YOUR ASSIGNMENT
Only the pictures are dropped. Restate each line below word for word.

++++ SOURCE MATERIAL

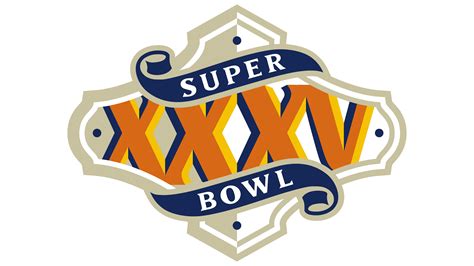 Super Bowl Logo And Sign New Logo Meaning And History Png Svg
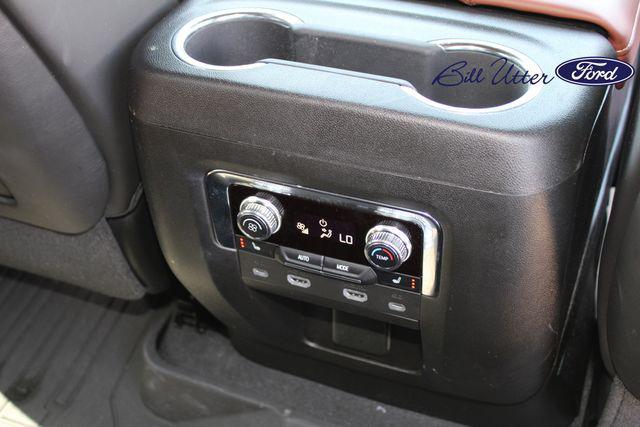 used 2023 GMC Yukon car, priced at $73,754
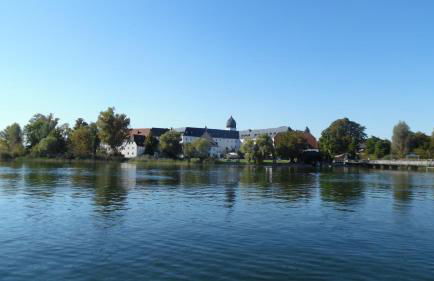 Ferienwohnung Fritzenwenger - Foto 36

++++++++

EXERCISE OUTPUT
 Super Bowl Logo And Sign New Logo Meaning And History Png Svg
 used 2023 GMC Yukon car, priced at $73,754
 Ferienwohnung Fritzenwenger - Foto 36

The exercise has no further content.